Retype, exactly as they appear below, the lines between the line holding "Akelei - champagnerfarbig" and the line holding "A pink Mount McGinnis.", both ends included.

Given records:

_ _ _ _

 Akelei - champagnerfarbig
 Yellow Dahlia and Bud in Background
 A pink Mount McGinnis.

_ _ _ _

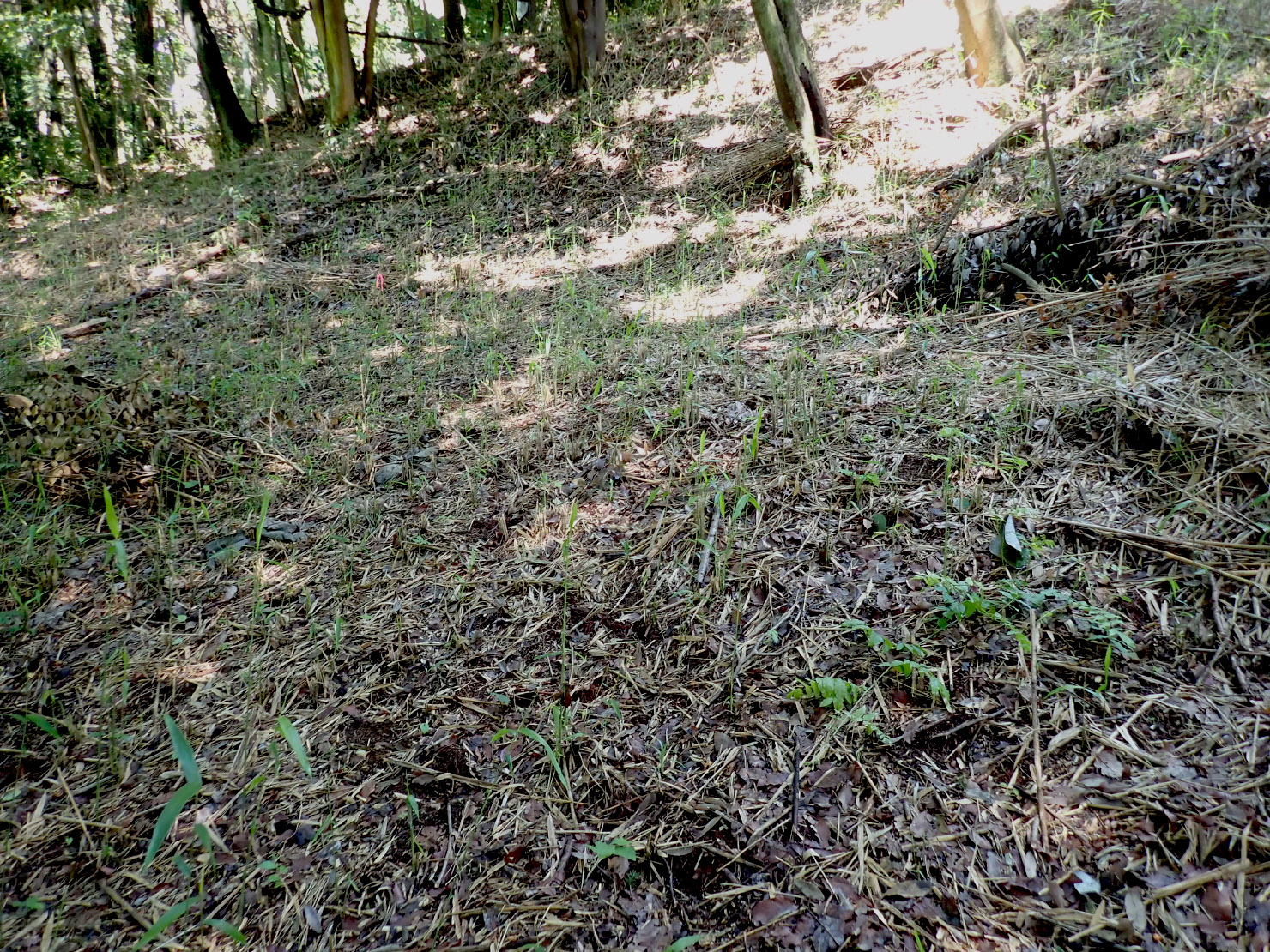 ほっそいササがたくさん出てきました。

_ _ _ _

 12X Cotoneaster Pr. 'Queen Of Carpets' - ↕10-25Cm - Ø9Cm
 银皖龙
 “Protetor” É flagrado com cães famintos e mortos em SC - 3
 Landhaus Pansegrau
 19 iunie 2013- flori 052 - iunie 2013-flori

_ _ _ _

Output of the exercise:
 Akelei - champagnerfarbig
 Yellow Dahlia and Bud in Background
 A pink Mount McGinnis.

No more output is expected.